§ **About this task**:
Only the lines from the one containing "Northern Cricket Frog" through the one containing "The use of primers" should be printed, exactly as they appear below, with both ends included.

§ **Listed entries**:
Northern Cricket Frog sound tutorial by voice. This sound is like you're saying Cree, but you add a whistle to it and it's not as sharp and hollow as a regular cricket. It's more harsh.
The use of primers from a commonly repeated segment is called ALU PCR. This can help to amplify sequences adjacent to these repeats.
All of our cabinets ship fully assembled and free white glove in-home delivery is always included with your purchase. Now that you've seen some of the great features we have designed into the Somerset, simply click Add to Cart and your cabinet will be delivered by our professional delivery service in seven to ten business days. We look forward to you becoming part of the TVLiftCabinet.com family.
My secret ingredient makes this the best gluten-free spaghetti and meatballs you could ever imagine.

...

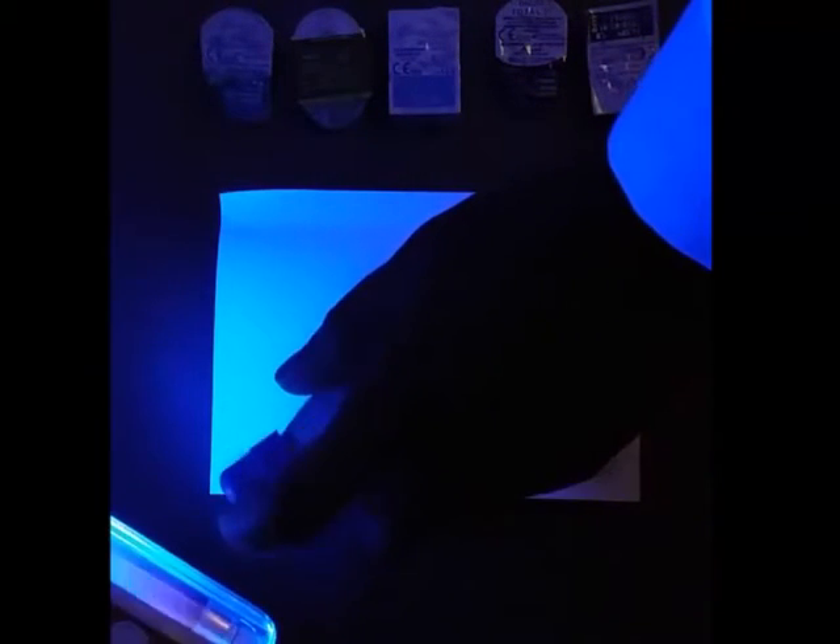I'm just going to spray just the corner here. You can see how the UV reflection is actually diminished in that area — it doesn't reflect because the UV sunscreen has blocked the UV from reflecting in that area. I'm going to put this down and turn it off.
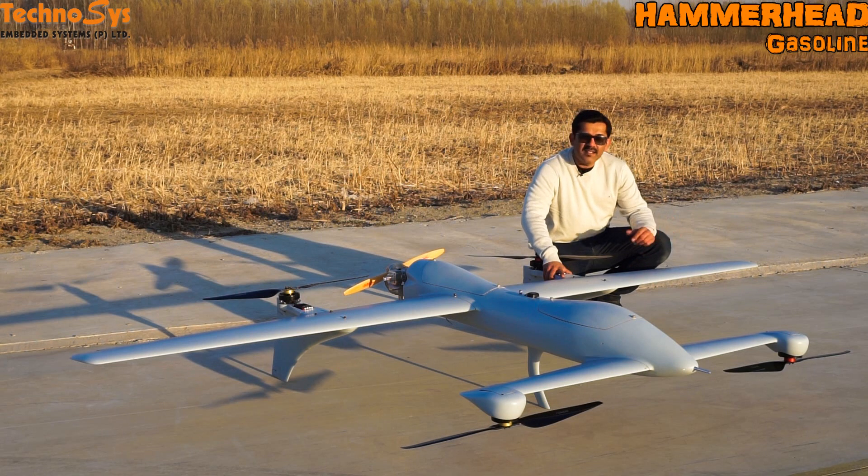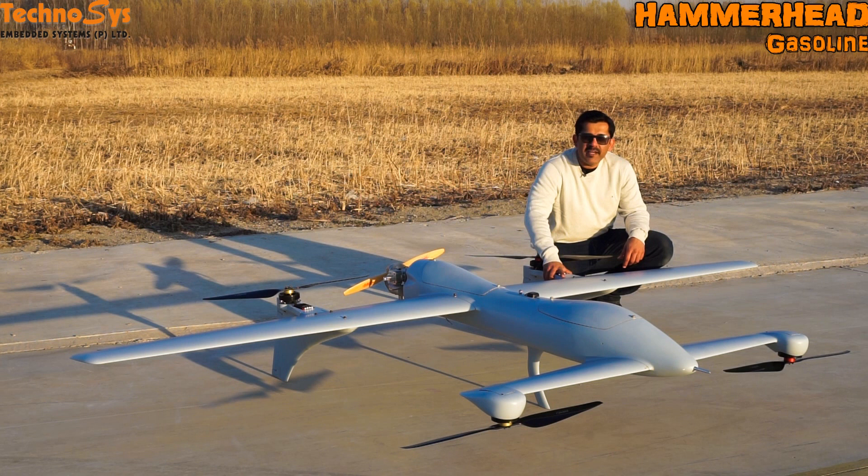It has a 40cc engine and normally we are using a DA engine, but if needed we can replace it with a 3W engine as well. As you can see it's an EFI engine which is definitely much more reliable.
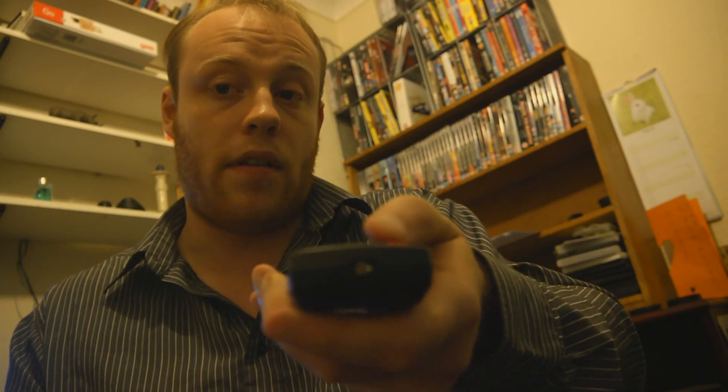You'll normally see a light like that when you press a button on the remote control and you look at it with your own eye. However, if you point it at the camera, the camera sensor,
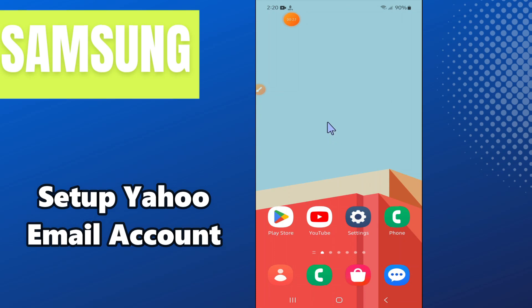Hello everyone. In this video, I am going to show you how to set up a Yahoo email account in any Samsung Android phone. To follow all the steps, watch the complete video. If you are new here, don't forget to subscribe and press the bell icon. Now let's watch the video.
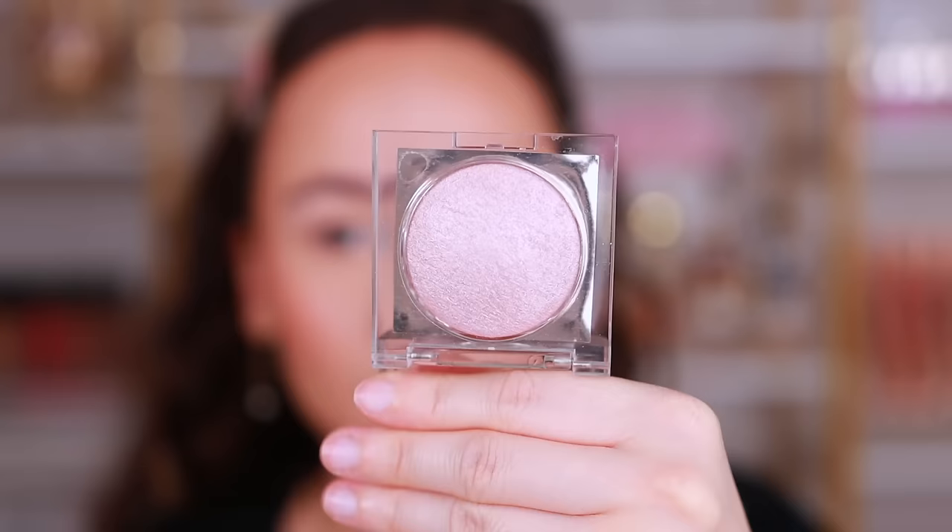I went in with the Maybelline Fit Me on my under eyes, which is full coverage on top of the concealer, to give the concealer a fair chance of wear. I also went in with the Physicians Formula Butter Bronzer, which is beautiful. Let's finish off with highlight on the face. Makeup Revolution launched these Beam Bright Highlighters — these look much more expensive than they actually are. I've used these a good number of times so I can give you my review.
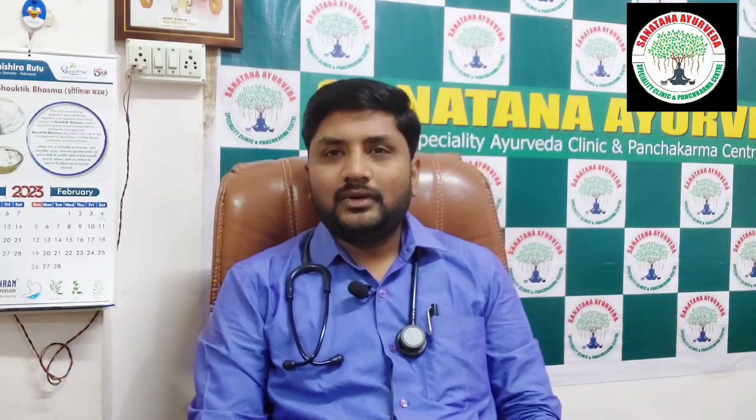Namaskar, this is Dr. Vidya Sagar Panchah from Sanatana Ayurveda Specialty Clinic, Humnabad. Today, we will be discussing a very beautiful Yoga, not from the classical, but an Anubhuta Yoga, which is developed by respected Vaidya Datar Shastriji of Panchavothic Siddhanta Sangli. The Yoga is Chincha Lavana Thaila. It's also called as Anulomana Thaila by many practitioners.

§ **Final answer**:
Northern Cricket Frog sound tutorial by voice. This sound is like you're saying Cree, but you add a whistle to it and it's not as sharp and hollow as a regular cricket. It's more harsh.
The use of primers from a commonly repeated segment is called ALU PCR. This can help to amplify sequences adjacent to these repeats.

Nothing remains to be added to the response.